Bu teknik tanımları tercüme edersek, eldeki uçak, dron ve uydu olmak üzere bütün uyarı sitemlerinin, alçak ve yüksek irtifa savunma füze ve savaş uçaklarıyla birlikte ve eşzamanlı çalıştıracak bir sistem tasarlanıyor.
Türkiye’nin özellikle son 10-15 yılda -biraz da örtülü silah ambargosu uygulayan NATO müttefiklerimiz sayesinde geliştirdiği sistemler ve yazılım alanındaki ilerlemeler, bugün bu adımın atılmasına imkân veriyor.
Benim aklıma takılan soruysa şu: S400’ler de Çelik Kubbe projesine dahil mi, değil mi?
Çelik Kubbe ve S400’ler
Sormak da gerekiyor; Türkiye’nin şu an dünyadaki en gelişmiş savaş uçağı olan F35 projesinden nahoş biçimde çıkarılmak pahasına Rusya’dan 2,5 milyar dolara aldığımız bu gelişmiş hava savunma füzesi neticede Türk Silahlı Kuvvetleri envanterinde.
Kullansak bir türlü, kullanmasak bir türlü.
Türkiye NATO üyesi. Çelik Kubbe NATO sistemine bütünleşik (entegre) olarak kullanılacaksa, ya da buna açık olacaksa S400’lerin kullanılması hayli sorunlu olur. NATO ile ortak kullanıma açık olması daha akla yakın, çünkü Türkiye’nin 9-11 Temmuz Vaşington NATO Zirvesindeki önemli tezlerinden biri de İttifakın Güney Doğu kanadının güçlendirilmesiydi; Türkiye ekonomik krize rağmen savunma harcamalarını NATO üyelik ölçütü gereği milli gelirin yüzde 2’sinin üzerine çıkarmayı üstlendi.
Türkiye’nin ilk kapsamlı hava savunma projesi olan Çelik Kubbe sisteminde de kullanılmayacaksa S400’leri ne yapacağız?
Cavit Çağlar’ın T24’te Cansu Çamlıbel’e söylediği çözüm önerisi basit: “Ben olsam satar kurtulurum” demiş. “Müşterisi hazır, Rusya bizi mazur görür” diye eklemiş.
Tut kullan mı, sat kurtul mu?
Çağlar’ın şu anda resmî bir görevi yok. Ama resmi görevi olmadığı halde Türk jetlerinin Suriye sınırında Rus jetini düşürmesiyle başlayan krizin çözülmesinde önemli rol oynamıştı. Devlet işlerine hâlâ aşina.
Çağlar’a neden böyle bir öneride bulunduğunu sordum.
O da kestirmeden yanıtladı:
• “Dünya hassas bir dönemden geçiyor.
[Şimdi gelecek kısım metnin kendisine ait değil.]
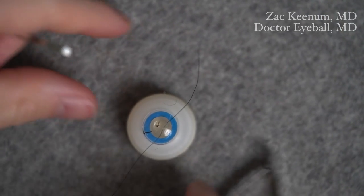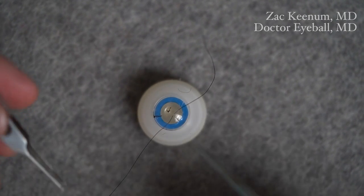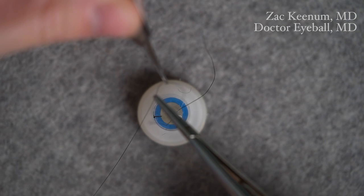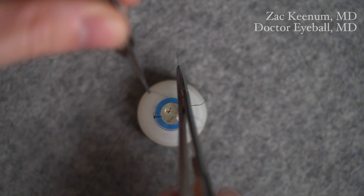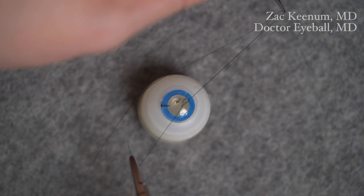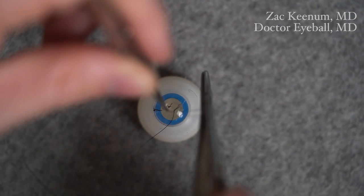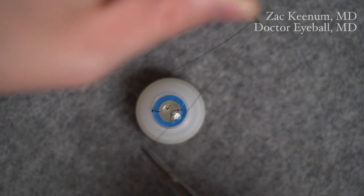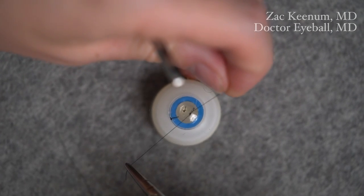Now I want to demonstrate how this might be used practically while closing an open globe. Say we've passed our suture. We start with the first throw, coming from within the loop, grab the short tail, and make sure to cross so that the first throw lays down flat. Then the second throw comes from behind the long stitch, sweeping under and around, grabbing the short stitch, not crossing, keeping the short arm on that side. Now we've created the slip knot.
ABD’yle çok sorunumuz olsa da aynı ittifak içindeyiz. Ben S400 meselesi ortadan kalkarsa diğer meselelerin de çözüm yoluna gireceğine inanıyorum.
• “Hem Ruslarla hem Amerikalılarla konuşuruz. Pazarlık yaparız. Konuşarak hal yoluna girer her şey.”
Biraz gizemli konuşuyor Çağlar, bildiği ama söylemediği şeyler olabilir izlenimine kapıldım.
Diğer yandan Türkiye’nin ABD ve Avrupalılar NATO uyumlu sistemleri satmadığı için S400 almak zorunda kaldığını söyleyen Cumhurbaşkanı Erdoğan, bu füzelere ihtiyacımız olduğunu söylüyor.
Söylüyor ama Çelik Kubbe projesinde S400’lere de yer olduğuna dair bir işaret yok. Yetkililer açıklarsa öğreniriz. Stratejik bir konu, hepimizi ilgilendiriyor.